The Swiss government has presented plans for pre-pension payments for older employees who can no longer claim unemployment benefits.This content was published on October 30, 2019 - 16:44
The proposal is aimed at improving the living conditions for people over the age of 60, according to Interior Minister Alain Berset.
“However, the re-integration into the labour market remains a priority,” he told reporters on Wednesday.
In response to the governments initial plans presented in May, left-wing parties and trade unions see such measures as insufficient while centrist and right-wing groups argue the conditions set by the government are too soft.
Under the proposals, the only people who could apply for the payments are those who lost their jobs and are no longer eligible for unemployment benefits.
The potential beneficiaries must have paid a minimum amount into the state-run old age pension scheme for 20 years and have had a minimum income of CHF21,330 ($21,500) annually for at least ten years before filing a claim.
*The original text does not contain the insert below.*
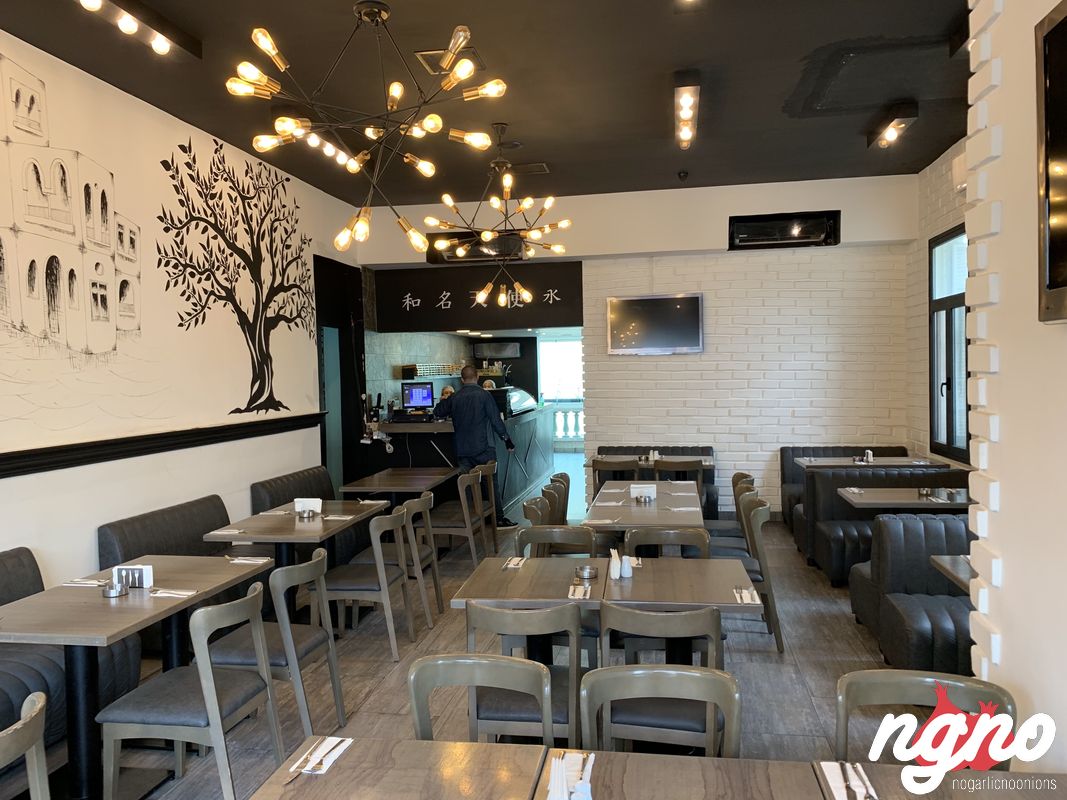 ita-lee-restaurant-antelias-nogarlicnoonions-492019-03-28-05-55-35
The personal wealth of an individual beneficiary must not exceed CHF100,000.
Social security package
The pre-pension payments are to be funded by the government and could cost CHF230 million ($232 million) annually in 2030. An estimated 4,400 people could be eligible for the payments, according to the interior ministry.
The planned measures are part of a government policy agreed with the employer’s organisation and the unions to promote Swiss employees on the labour market.
Studies have found that older people are marginalised amid pressure from younger employees from European Union countries benefiting from unrestricted access to the Swiss labour market.
The right-wing Swiss People's Party has collected enough signatures to force a nationwide vote on its proposal to cancel a bilateral accord with the European Union on access to each others labour market.